Archive for Slanket

The Snuggie pub crawl? A walking nightmare

Posted in Commercials, Shopping with tags , , , on February 26, 2009 by Dawn Raftery

America has enough image problems. Do we really need a crowd of drunks staggering through the streets, looking like a band of medieval monks in their Snuggies?

Yep, that’s right. Your worst fear—or maybe it’s only mine—has been confirmed. The evil influence of the Snuggie has invaded the haven of those who need a place to relax after a long, grueling day at work. There are Snuggie pub crawls being planned in big cities all over the country. The Chicago one will take place Saturday, April 18. (Mark that date on your calendar if, like me, you plan to stay away from bars to avoid the fashion eyesore otherwise known as the Snuggie.)

I hope the event organizers have taken into account the perils of such an evening. Besides the inherent risk of tripping over the hem of your robe and cracking your head against the concrete, fights could break out among the alcohol-swilling Snuggie wearers and the rest of the alcohol-swilling population who can’t get over having in their midst people who resemble a Ku Klux Klan member or a “Star Wars” character. Among the inebriated, fights have broken out for far less. Let the Snuggie SmackDown begin.

You won’t ever see me sporting a Snuggie. A $20 oversized fleece blanket with sleeves that you wear like a robe? No thanks. I already have a very nice, thick robe, and if so inclined I can wear it backward while I lounge on my couch. Or I could even cut holes in one of my blankets.

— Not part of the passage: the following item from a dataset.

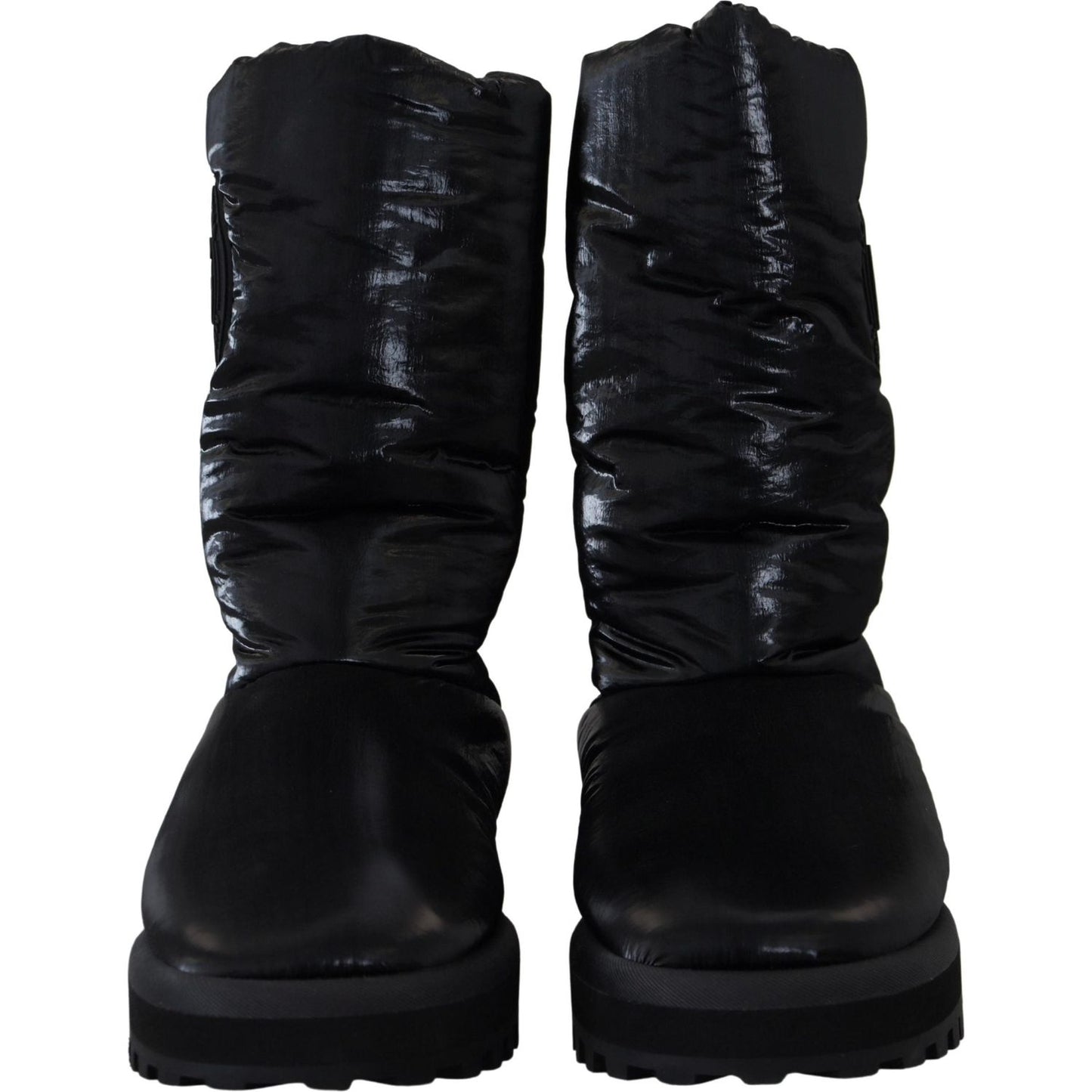 Dolce & Gabbana Black Boots Padded Mid Calf Winter Shoes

So how has the Snuggie managed to accumulate more than 4 million sales under its sleeve? Blame it on the tough economy. Thanks to the recession, direct-response advertising, the preferred industry term for commercials that feature a toll-free 800 number for placing orders, has become more prevalent on cable television. Such “as-seen-on-TV” companies are purchasing more TV slots for less money. Plus, people are looking for ways to lower their heating bills, and bundling up is just as convenient a way as any.

But I still can’t believe how successful the over-the-top Snuggie infomercial is or how gullible its fans are. They’ve been convinced that regular blankets just don’t make the fold anymore. Regular blankets slip and slide. And when you want to reach for something, your hands are trapped—trapped!—inside. And here I thought all this time my hands were just resting comfortably under my blanket.

The Snuggie’s bizarre cut following is frightening in its intensity—another example of this blanket/robe’s evil influence. Type in Snuggie on Facebook and more than 500 results come up. Snuggie is on YouTube, with more than 700 videos posted, many of them parodies, including one titled “Cult of the Snuggie” with 381,711 views as of today.

The Snuggie is not the first of its kind. Before the Snuggie, there was the Slanket (the same exact product, albeit with a less snuggly name and at more than double the cost). And after the Snuggie, who knows? Maybe an oversized fleece blanket with sleeves and a hood? I can picture the ad now: A group of guys and girls in the new Snuggies grind and gyrate—maybe flop around would be a more accurate description, given their getup—to club music under strobe lights, while a female voice-over coos, “You know how to stay Snuggie-licious this winter.”